Greene Park Taps American House Alum to Lead New Senior Living Investment Platform

Greene Park Capital has launched its first senior living investment platform with an alumni of American House Retirement Communities and its parent company Redico at the helm.

The global health care real estate investment firm announced Tuesday that Kevin Carden is slated to lead a newly formed senior living investment platform. The company has a headquarters in Chicago and in the UK.

This is the first time Greene Park has created a dedicated platform for senior living communities, according to Greene Park Capital Co-Founder and Managing Partner Jason Simmers


“Think of this as another business line that’s dedicated to senior living and with an executive who’s seasoned and has the background to lead a large platform and build it,” Simmers told Senior Housing News.

Carden comes to the role after working as senior vice president of acquisitions for American House and parent company Redico from 2014 until 2022. Before that, Carden was senior vice president corporate finance for Ziegler Investment Banking for 12 years.

At the heart of the company’s senior living investment strategy is a focus on finding and partnering with quality operators and scaling with them.


“We have made good headway identifying operators with the right growth and quality orientation that we can acquire properties with and grow with,” Carden told SHN.

The company will seek to target investments across the senior living continuum from active adult to memory care, and Carden expects there will initially be more opportunities in assisted living and memory care due to industry trends in the previous few years.
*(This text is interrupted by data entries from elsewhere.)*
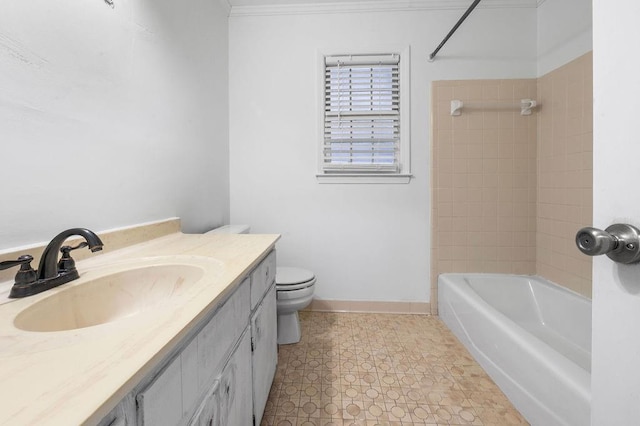 full bathroom with tiled shower / bath, vanity, and toilet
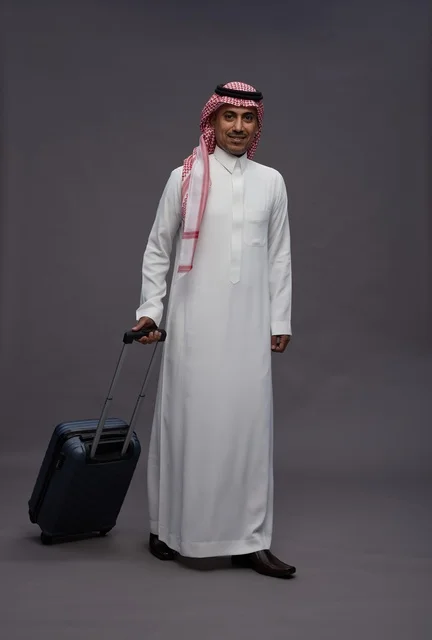 رجل سعودي بالزي التقليدي يحمل حقيبة سفر في استوديو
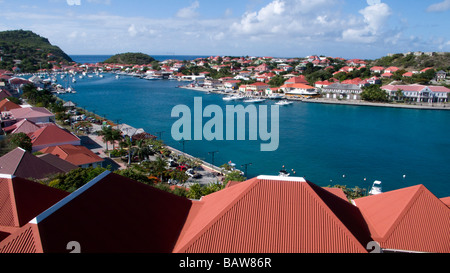 Red tin roof buildings surround Gustavia port St Barts Stock Photo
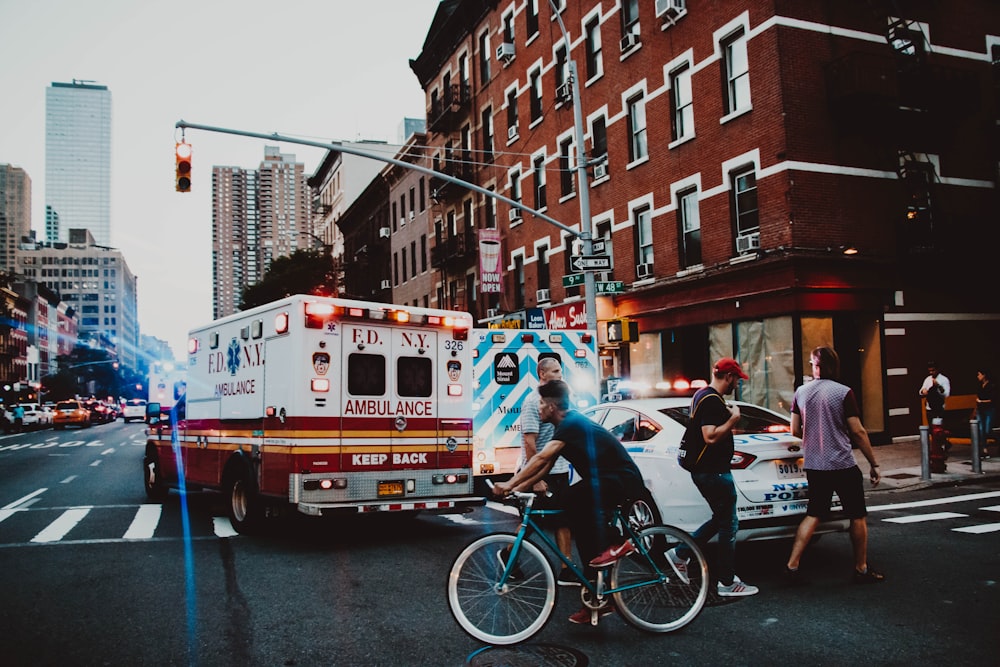 Drei Personen zu Fuß in der Nähe eines Mannes, der auf der Straße in der Nähe eines Krankenwagens Fahrrad fährt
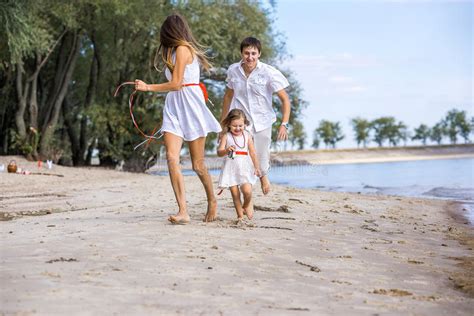 Mom Dad And Daughter Walking On The Beach Stock Image Image Of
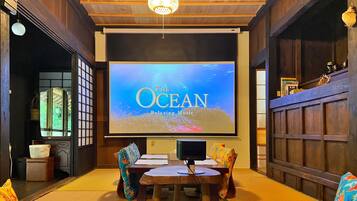A room with a large screen displaying 'The Ocean' music, a wooden table, colorful chairs, and traditional decor.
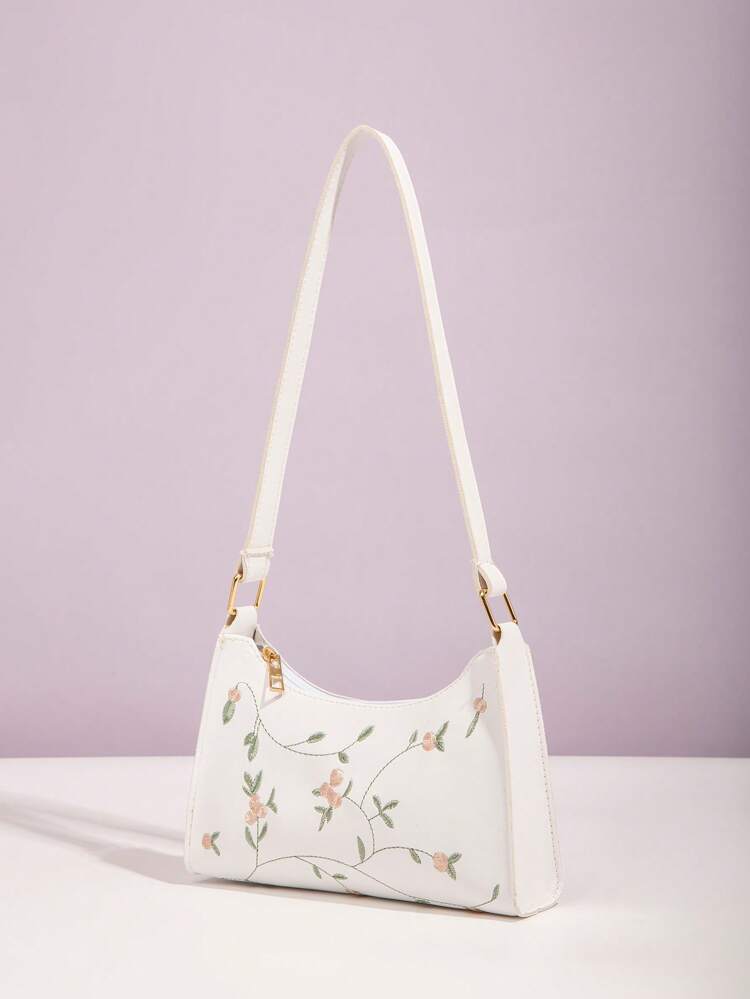Bolso cruzado blanco con bordado floral – ideal para vacaciones
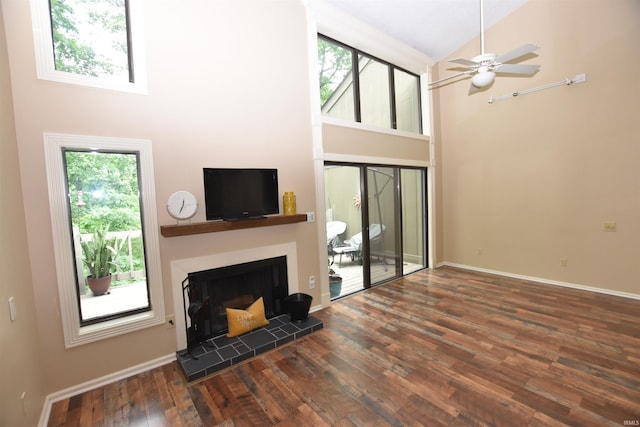 9428 S Lake Ridge Dr, Bloomington, IN 47401 - living room with plenty of natural light, high vaulted ceiling, wood finished floors, a tile fireplace, and ceiling fan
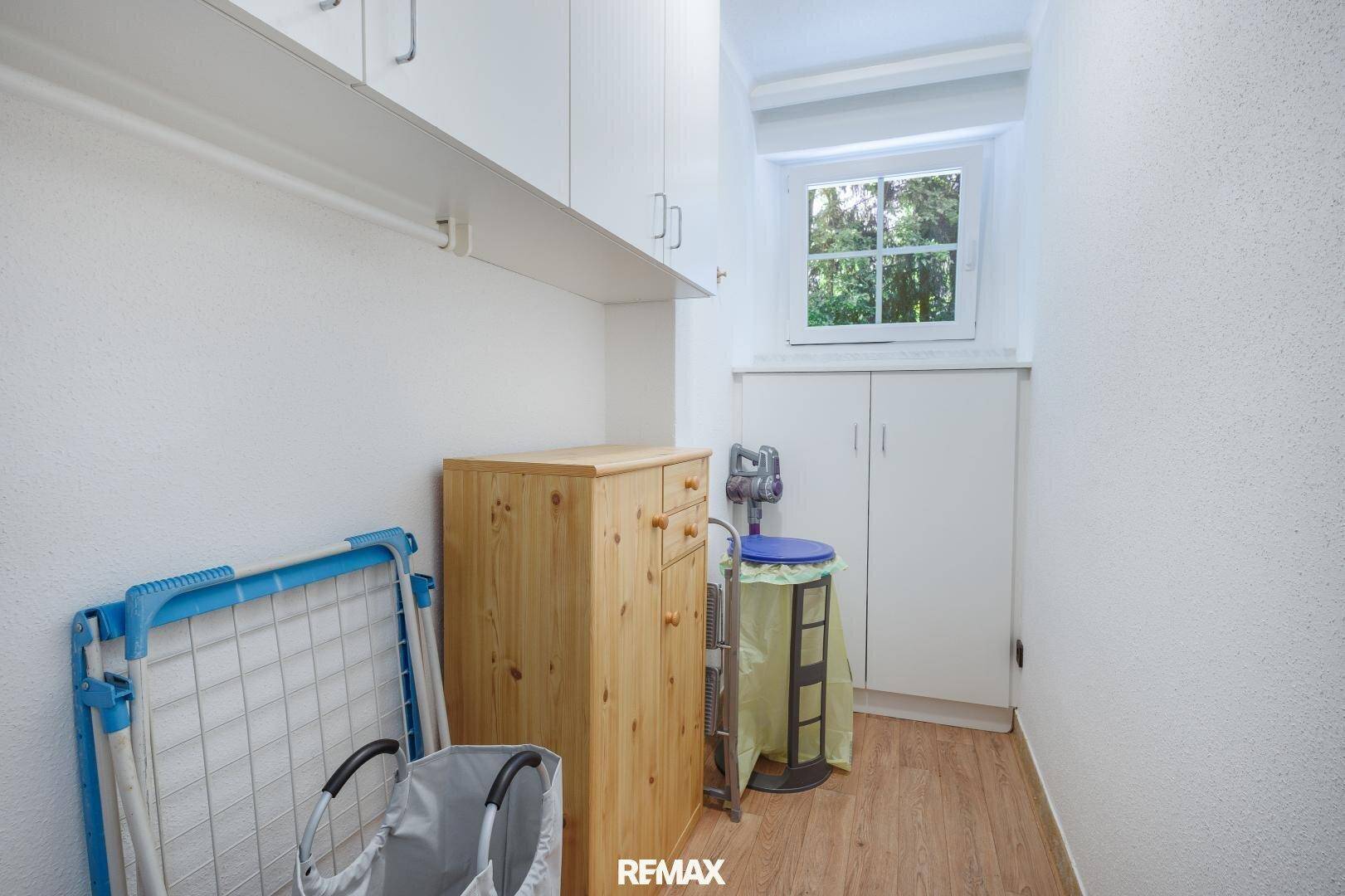 Praktischer Abstellraum mit Fenster, Regalen und Platz für Haushaltsgeräte und Wäsche.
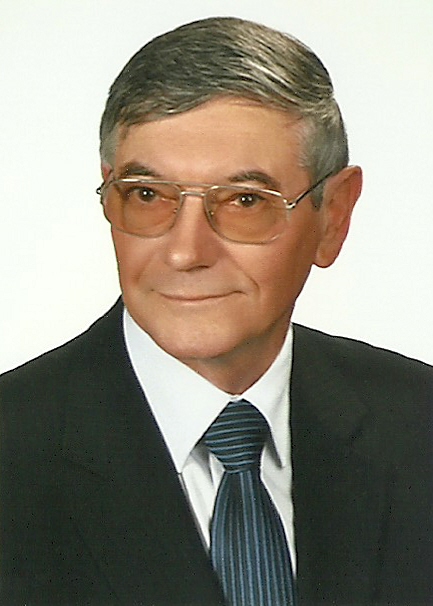Portret starszego mężczyzny w garniturze i krawacie, na jasnym tle, w ujęciu oficjalnym.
The company does not currently plan to invest in skilled nursing properties, he added.

Greene Park is open to opportunities across the country, and Carden stressed that operator quality is often a better indicator of success than market conditions.

“You can have an operator that can do well in a bad market and vice versa,” he said. “It is all about the operator.”

Carden said he will be flexible with the size and scope of deals with operating partners. For instance, he is willing to take on both portfolio-sized deals and one-off opportunities.

“There are certain deal sizes that most institutional investors won’t even answer the phone for, and we can do [them] right now because we’re new and we can be more flexible,” he said.

As the company has scored the market for deals and assembles its portfolio, Carden said he has seen the bid-ask spread narrowing.

“A lot of current operators and owners are very excited about where we are and the growth prospects and the acquisition opportunities that are out there,” Carden said. “I do see the spread [narrowing], and I would agree that in six months it’s going to be even closer than it is today.”

By leading the new investment platform, Carden is also getting somewhat of a do-over. He recalled how there were “great acquisition opportunities” in the late 1990s — opportunities he did not see at the time.

“The acquisition opportunities that we had — and that I was trying to sell in the early 2000s — those that were able to hold on until 2004 or 2005, they did well,” he said. “And I think we’re in a very similar situation now.”